■ What is being asked ■
Taking only the lines of the data below from the line with "Minimalist green wool" to the line with "在日落时分年轻女孩在机场慢动作地打电话视频的预览图", ends included, write them out exactly and without pictures.
####################
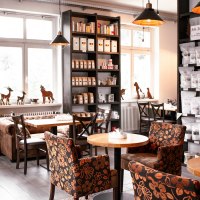 Gem&uuml;tliches Caf&eacute; mit Regalen voller Kaffeepackungen, Tischen und floral gemusterten Sesseln., &copy; Kaffee- Manufaktur Bad Wildbad, Jens Schr&ouml;ck Vision&auml;rsfabrik Keltern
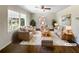 Bright and airy living room with hardwood floors, neutral paint, and abundant natural light at 6296 Flamingo Way, Morrow, GA 30260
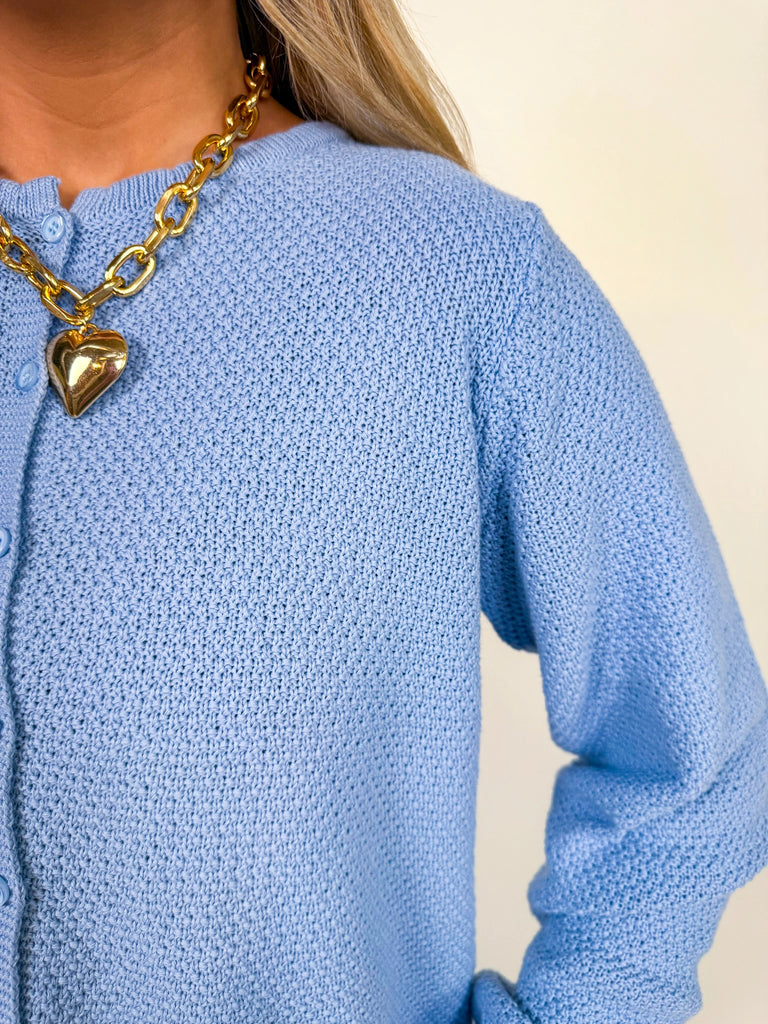 Woman wearing textured knit button-front cardigan in butter yellow and cornflower blue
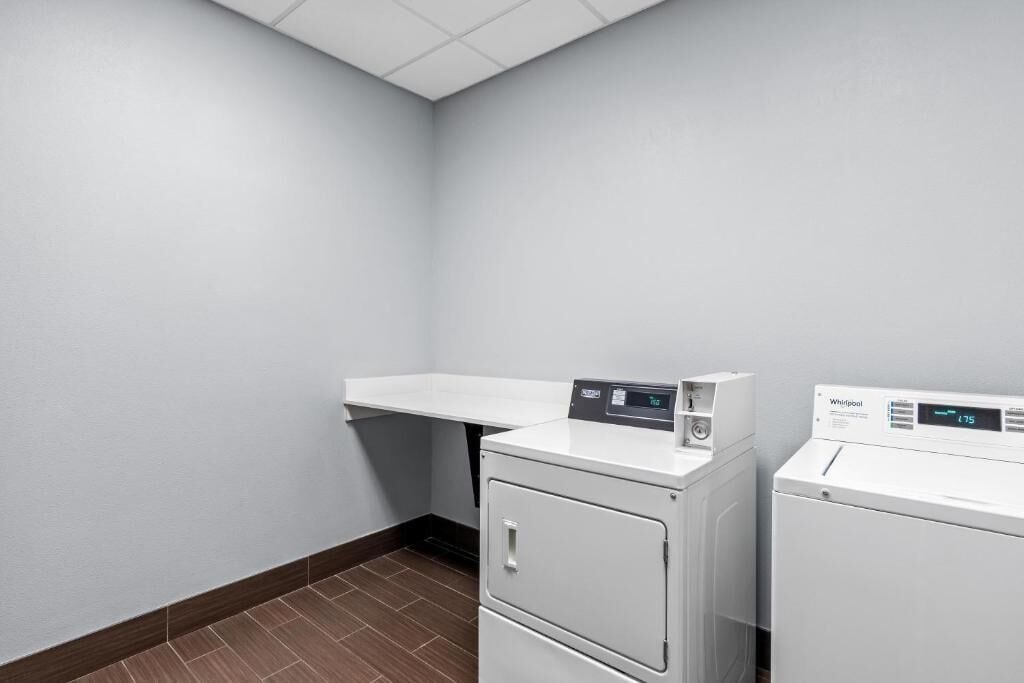 Un cuarto de lavado con una pared blanca, una repisa y dos lavadoras Whirlpool blancas.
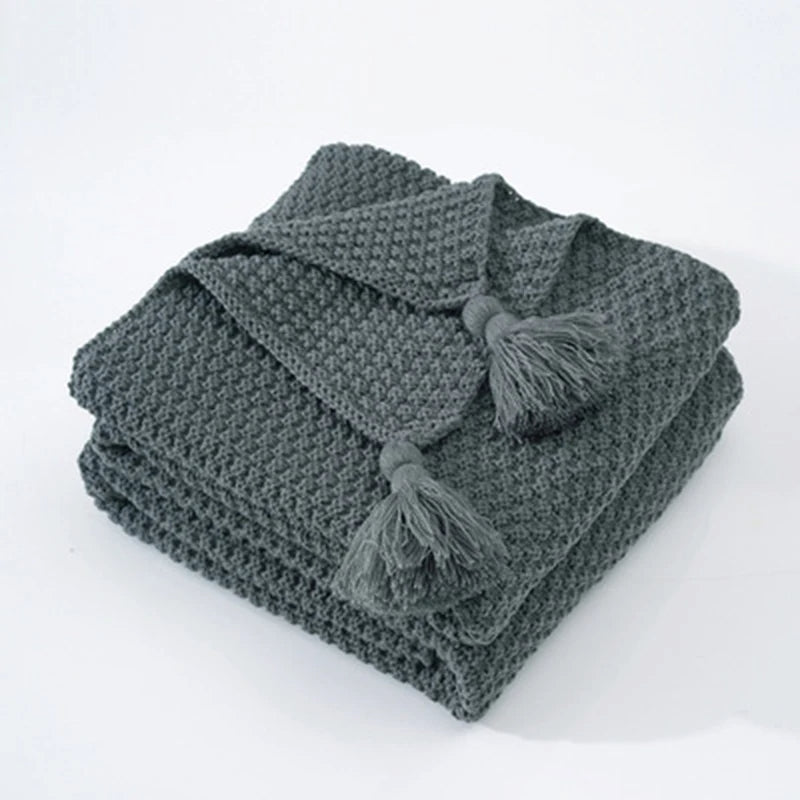 Graue Strickdecke mit Quasten, weiches Baumwollmaterial, ideal für Wohnzimmer oder Schlafzimmer.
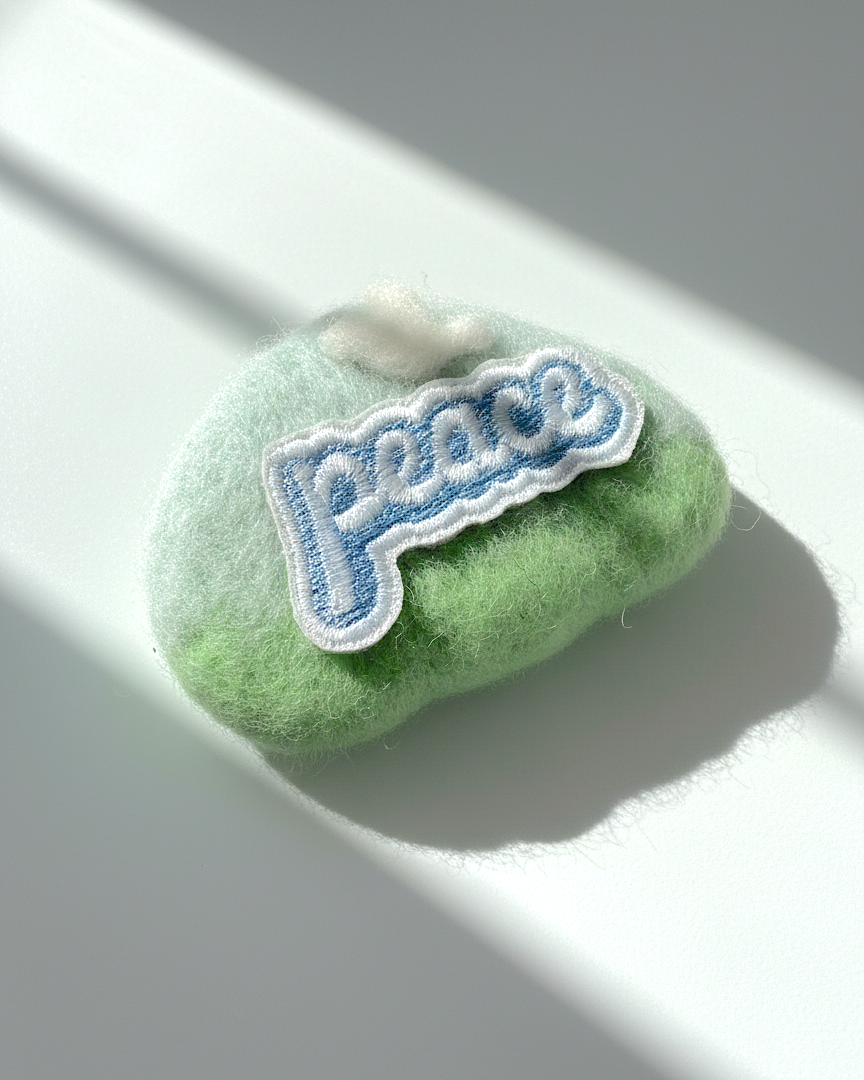 Minimalist green wool fridge magnet with Peace patch and white cloud accent, handmade felt home decor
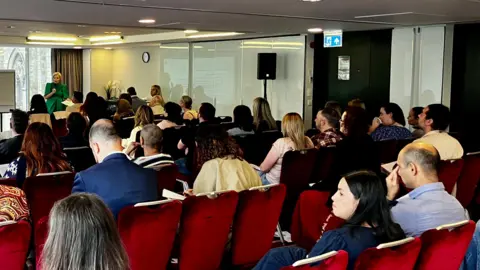 BBC/Nicola Rees A woman with blonde hair and a green dress is standing at the front of a hotel meeting room, talking to a crowd of people who are sitting on red chairs and looking forward.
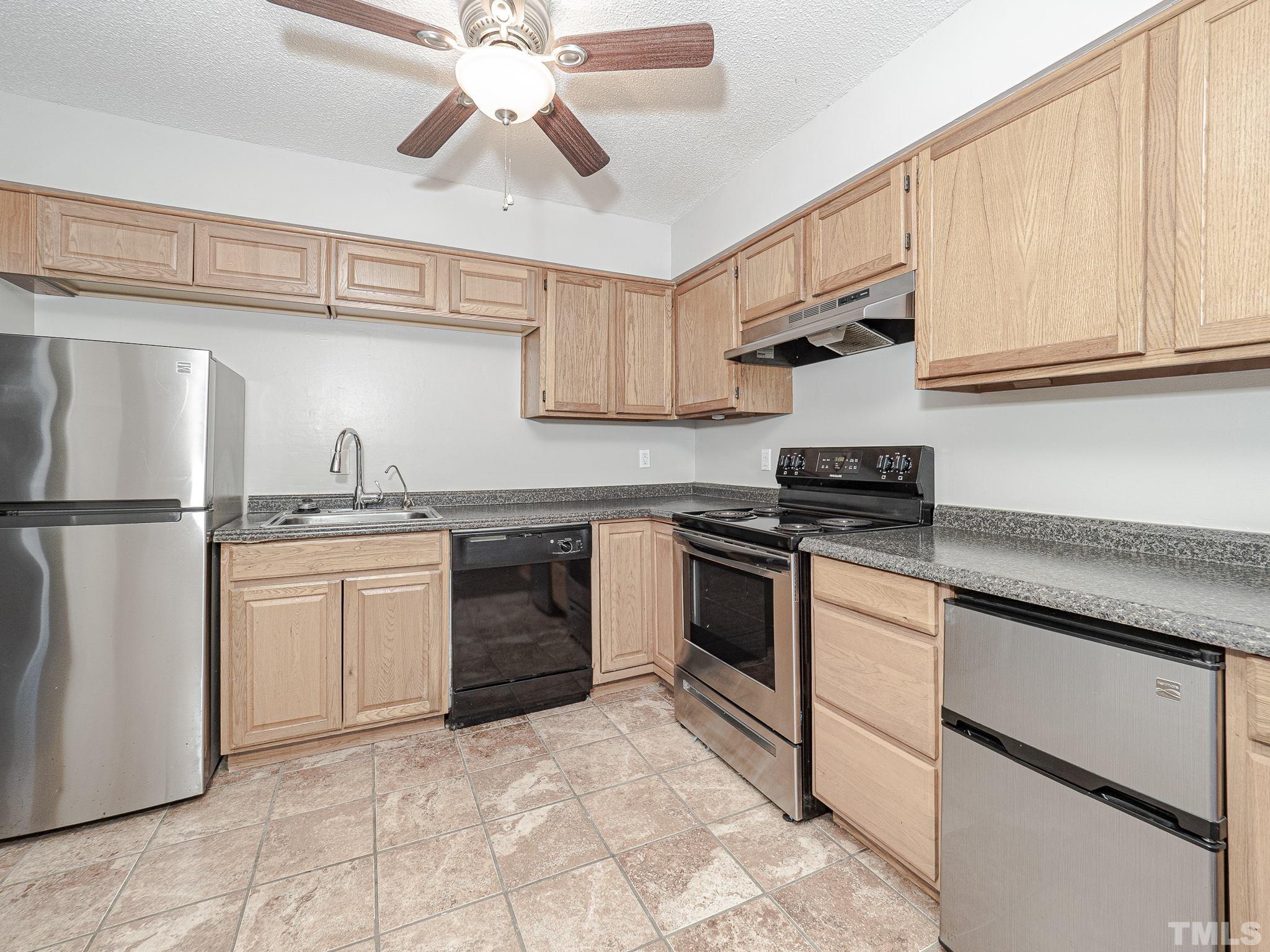 4705 Walden Pond Drive, Unit D Raleigh, NC 27604 - Photo 10 of 24 a kitchen with a stove cabinets and a refrigerator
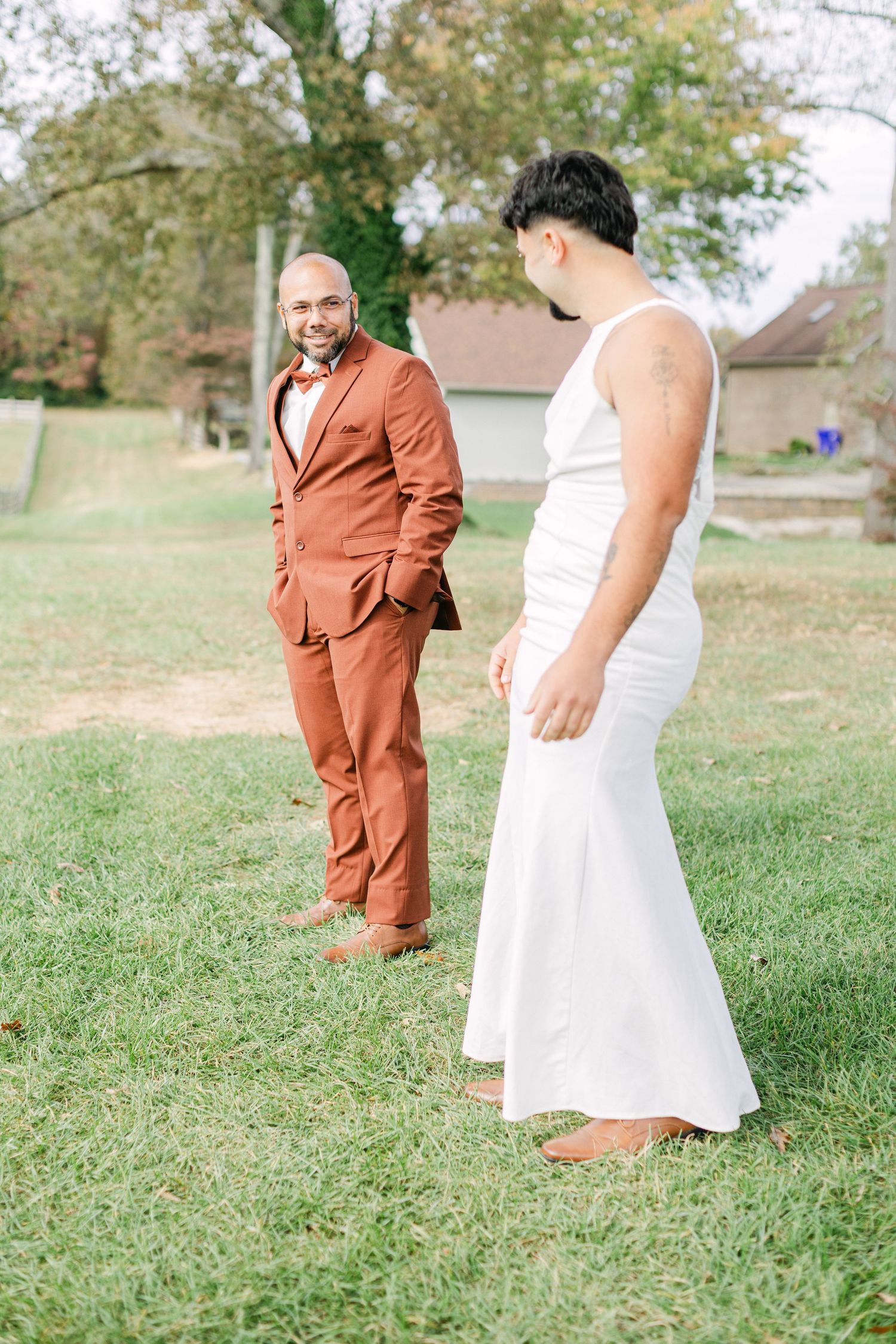 Two grooms share first look moment on green lawn, one in rust suit and one in white wedding dress.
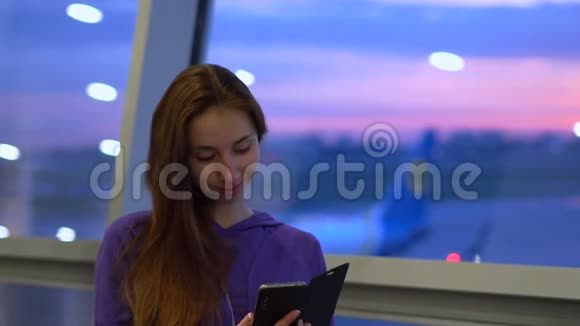 在日落时分年轻女孩在机场慢动作地打电话视频的预览图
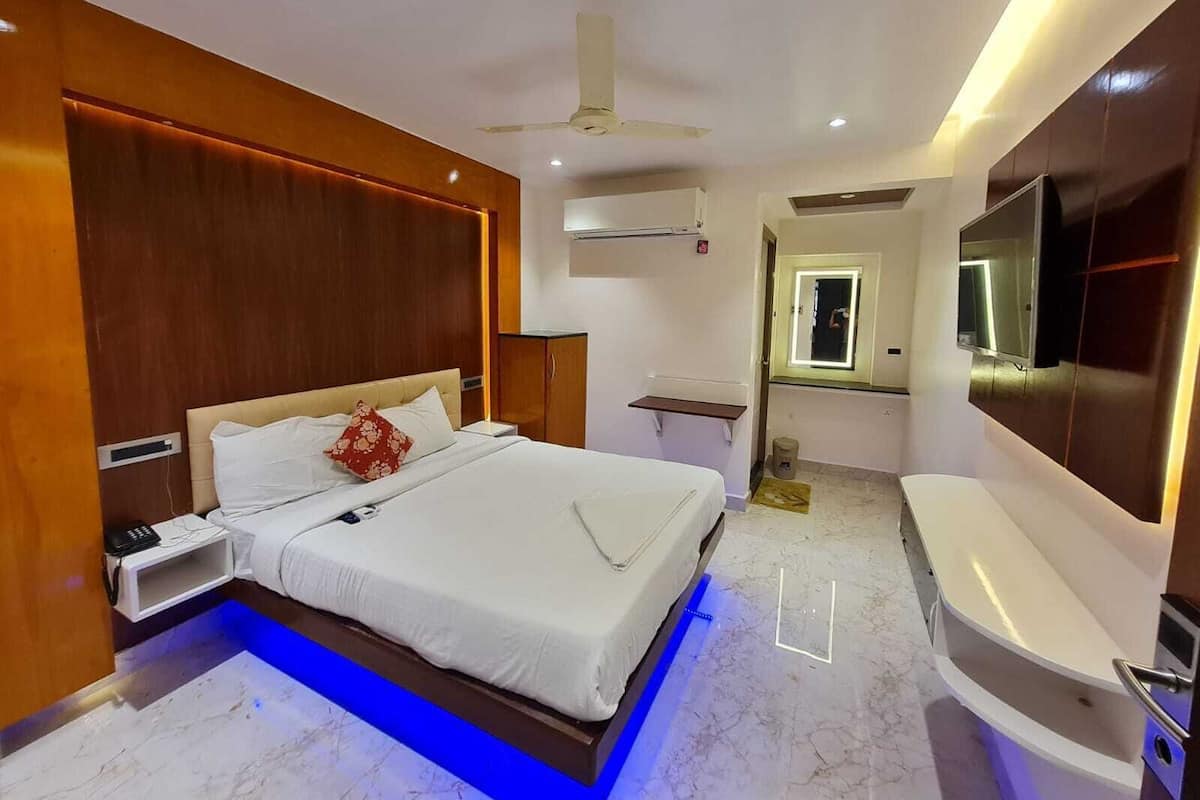 Una habitación de hotel moderna con una cama grande, un televisor integrado, un tocador con espejo y un ventilador de techo.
####################
■ Your solution ■
 Minimalist green wool fridge magnet with Peace patch and white cloud accent, handmade felt home decor
 BBC/Nicola Rees A woman with blonde hair and a green dress is standing at the front of a hotel meeting room, talking to a crowd of people who are sitting on red chairs and looking forward.
 4705 Walden Pond Drive, Unit D Raleigh, NC 27604 - Photo 10 of 24 a kitchen with a stove cabinets and a refrigerator
 Two grooms share first look moment on green lawn, one in rust suit and one in white wedding dress.
 在日落时分年轻女孩在机场慢动作地打电话视频的预览图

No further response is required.